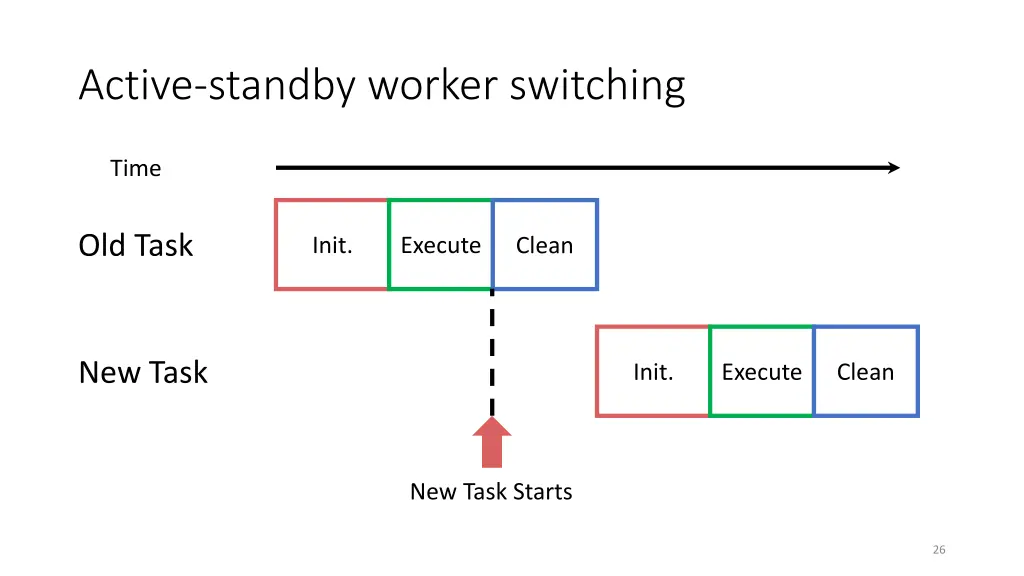 active standby worker switching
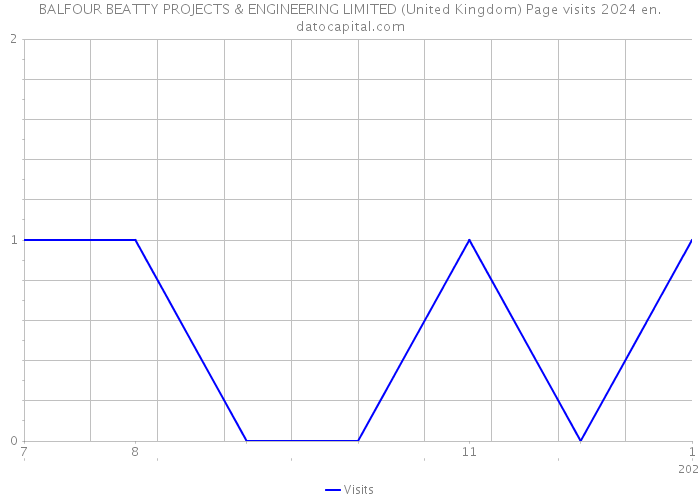 BALFOUR BEATTY PROJECTS & ENGINEERING LIMITED (United Kingdom) Page visits 2024 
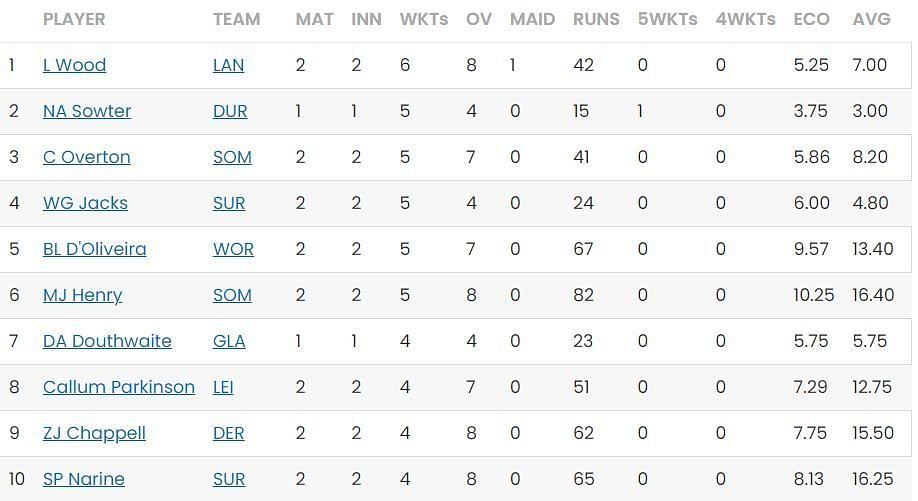 T20 Blast 2023 Most Wickets standings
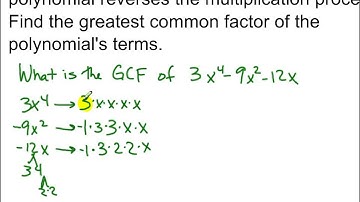 Algebra 1 Chapter 8-2:Multiplying and Factoring
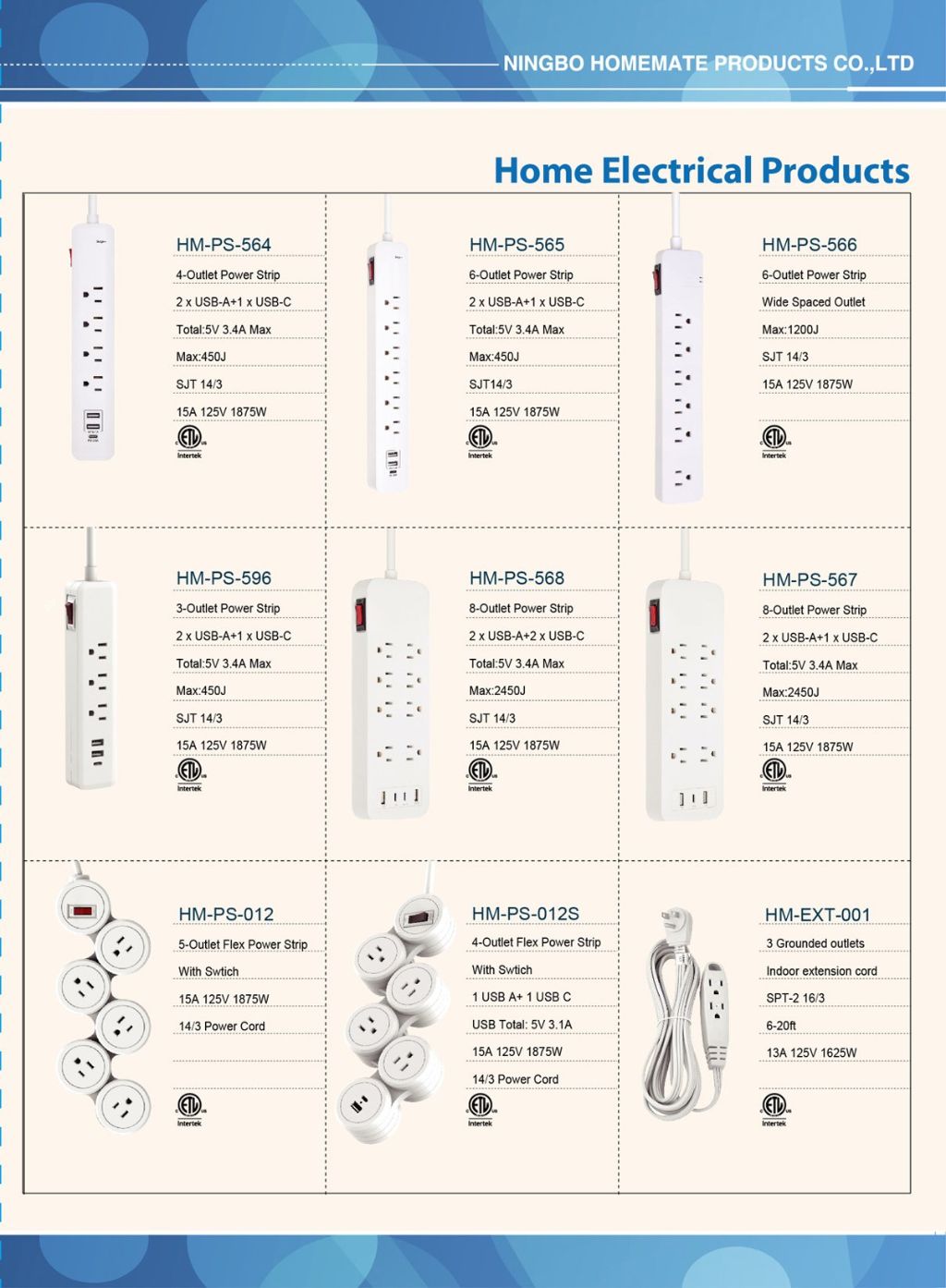Multi-functional Socket
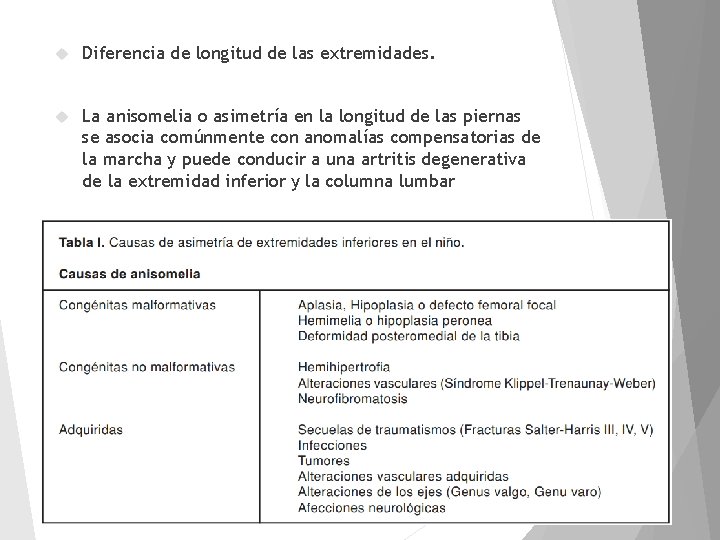  Diferencia de longitud de las extremidades. La anisomelia o asimetría en la longitud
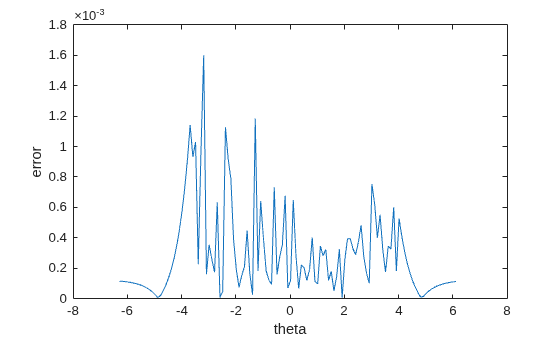 Figure contains an axes object. The axes object with xlabel theta, ylabel error contains an object of type line.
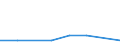 KN 38247200 /Exporte /Einheit = Werte in 1000 Euro /Partnerland: Schweden /Meldeland: Eur27 /38247200:Mischungen, die Bromchlordifluormethan, Bromtrifluormethan Oder Dibromtetrafluorethane Enthalten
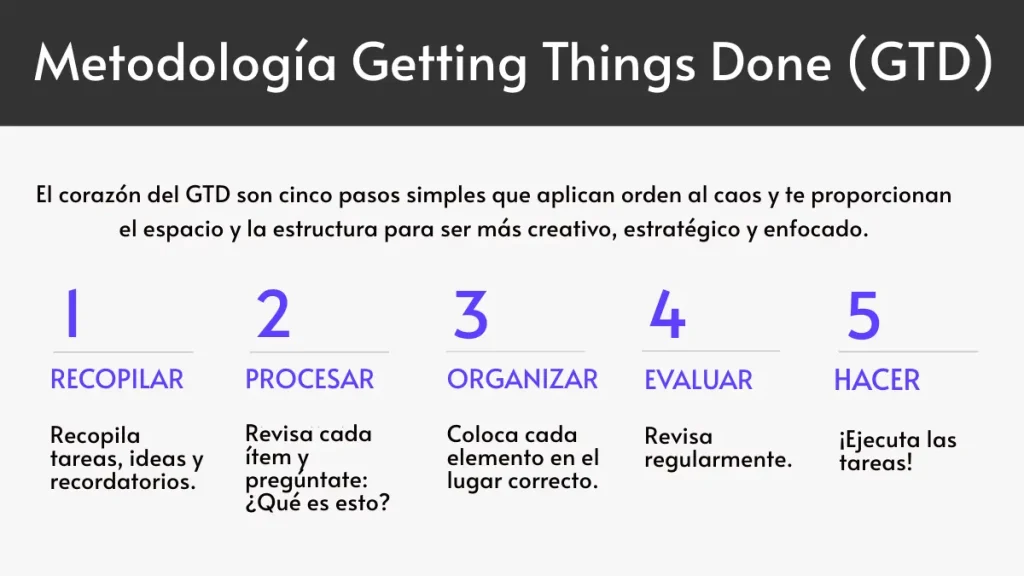 Coletar tudo o que chama sua atenção - inspiração 1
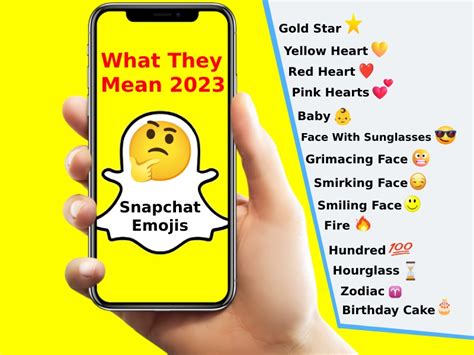 Snapchat Yellow Heart Emoji Meanings: A Complete Snapchat Emojis Guide 2024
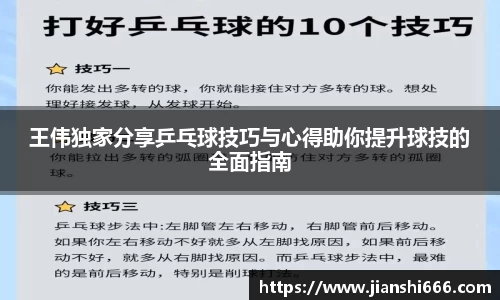 王伟独家分享乒乓球技巧与心得助你提升球技的全面指南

---*---

- TASK DESCRIPTION -
Repeat the records above exactly, from the first line through the line that contains "Figure contains an", and leave out the pictures.

- SOLVED EXERCISE -
 active standby worker switching
 BALFOUR BEATTY PROJECTS & ENGINEERING LIMITED (United Kingdom) Page visits 2024 
 T20 Blast 2023 Most Wickets standings
 Algebra 1 Chapter 8-2:Multiplying and Factoring
Multi-functional Socket
  Diferencia de longitud de las extremidades. La anisomelia o asimetría en la longitud
 Figure contains an axes object. The axes object with xlabel theta, ylabel error contains an object of type line.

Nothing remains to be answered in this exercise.